Lack of salary increases and growth opportunities identified as top issues
Two new reports published by 360Learning have indicated that the Learning and Development sector has some challenges to deal with. The reports revealed that 42% of UK L&D professionals had not received a pay rise in recent months, and a further 23% believe they do not have opportunities to develop at work.

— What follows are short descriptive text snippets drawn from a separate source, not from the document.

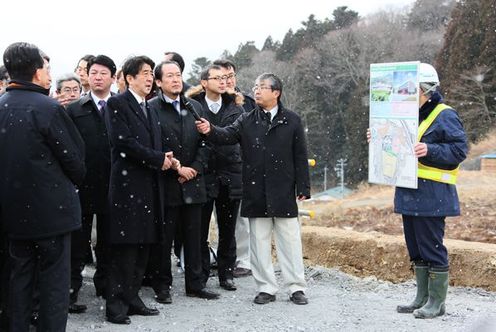 Photograph of the Prime Minister observing the construction work for the transfer of residential areas to plateaus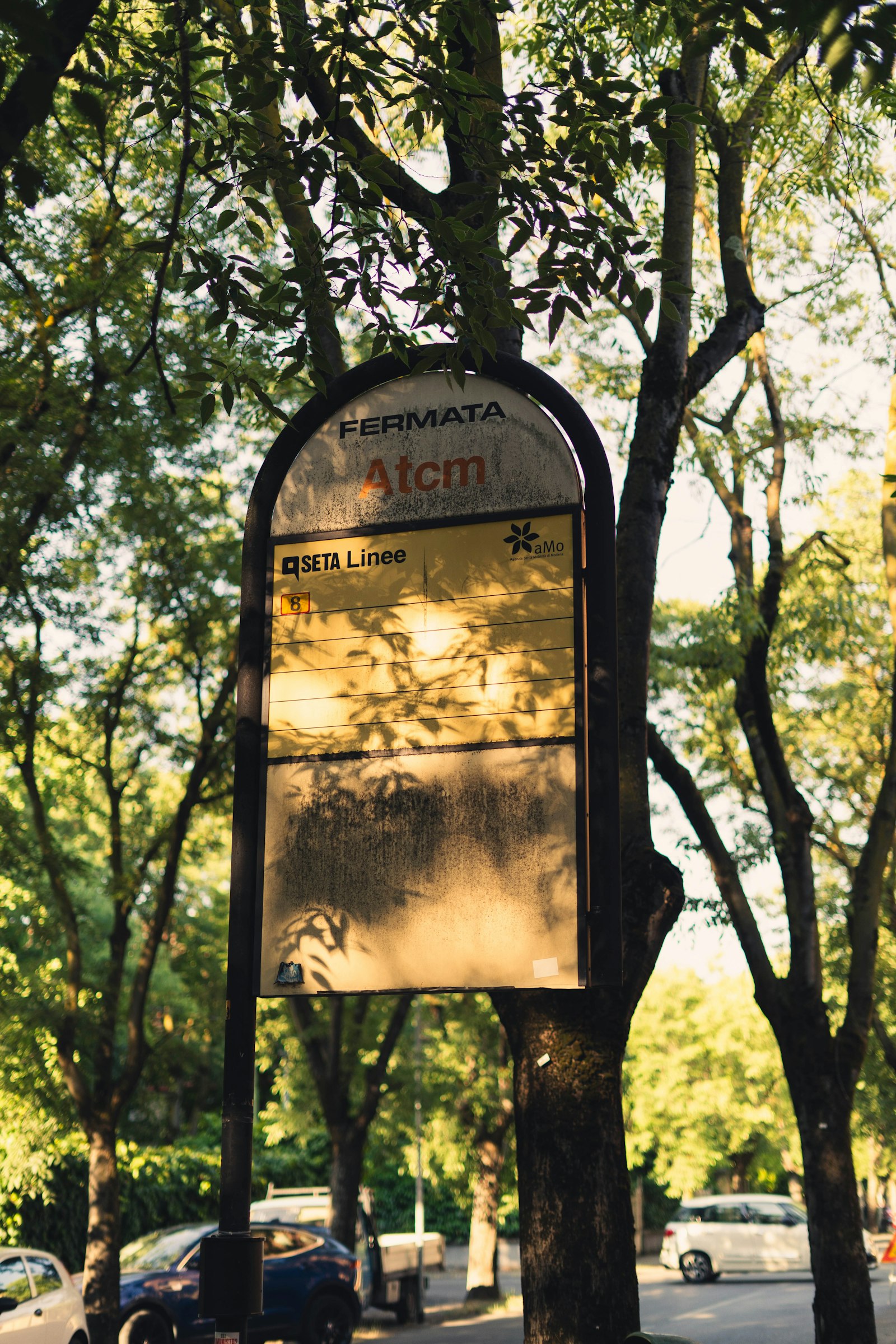 Roadside bus stop sign showing the line and direction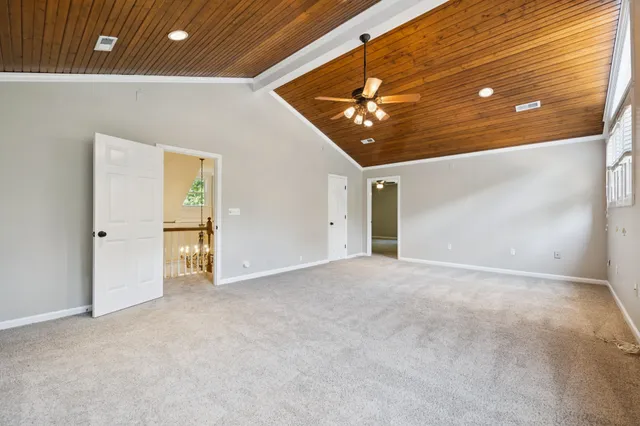 a house with swimming pool in front of it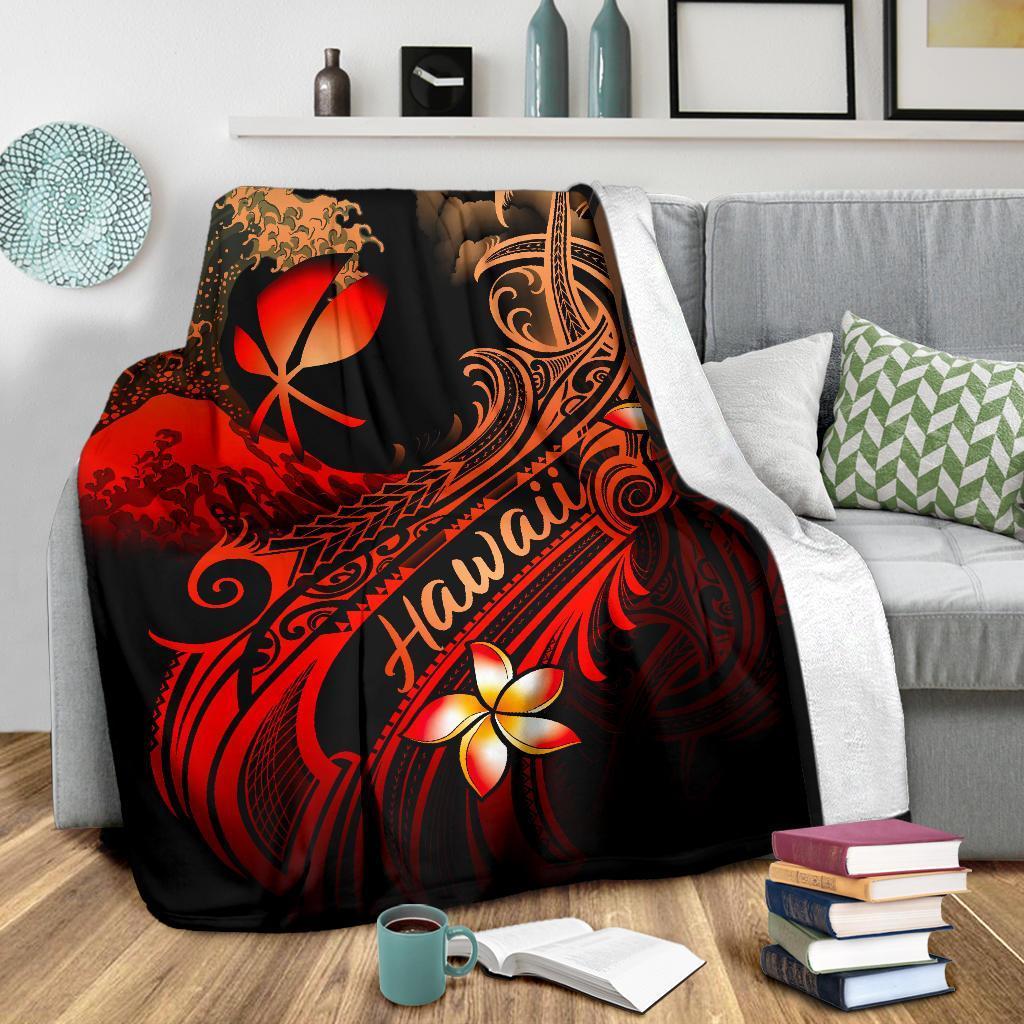 Black throw blanket draped on a sofa; red plumeria, “Hawaii” text, and tribal wave pattern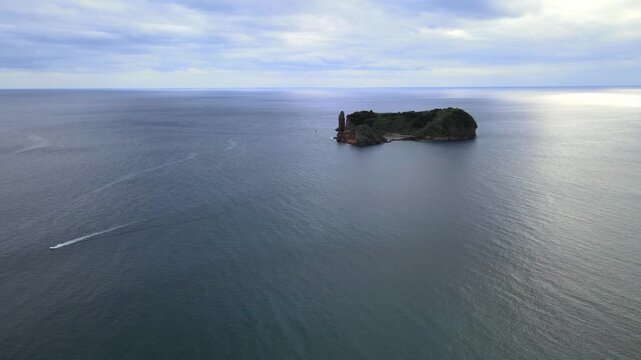 Cinematic aerial drone view of the volcanic islet of Vila Franca do Campo near S&atilde;o Miguel Island in the Azores, Portugal. The ring-shaped crater forms a natural lagoon surrounded by dramatic cliffs an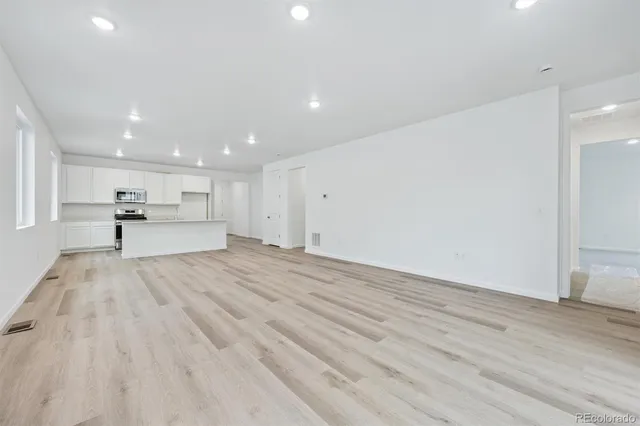 a view of kitchen with kitchen island a sink wooden floor and black appliances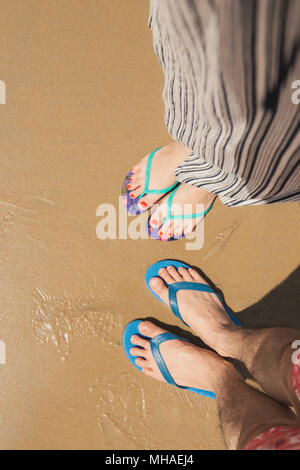 Couple de selfies pieds en sandales chaussures sur fond de sable de plage Banque D'Images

The reports, which look at salaries, progression, and satisfaction in corporate Learning and Development (L&D) teams across the US and UK, have the following findings:
In the UK:
- The most common annual salary range was found to be between £30-£39k a year
- The average salary comes in at £31.6k
- People working in voluntary sectors were likely to earn less than £39k
- People in the private sector had the best chance of earning more than £80k
- 25% of L&D Managers earned between £50-£59k
- Administrators in the L&D environment earned the least at below £39k
In the US:
- The most common salary range was $70-$100k
- The mean salary across all roles was much higher than the UK average, at $91.2k
- 41% of L&D Managers earned more than $100k
- Instructional Designers and Learning Specialists in the L&D environment earned the least, at less than $70k
The gender pay gap is also clear in the results with:
- One-third of UK women earn less than the national average (£31,285) compared to only a fifth of men
- Half of the women in the UK earned less than £39k, compared to only 36% of men
- Only a quarter of women said they earn more than £40k, versus 41% of men in similar roles
When looking at reasons for lack of advancement, in the UK, 6% of women report that childcare and family are stopping them from growing at work, compared to just 1% of men.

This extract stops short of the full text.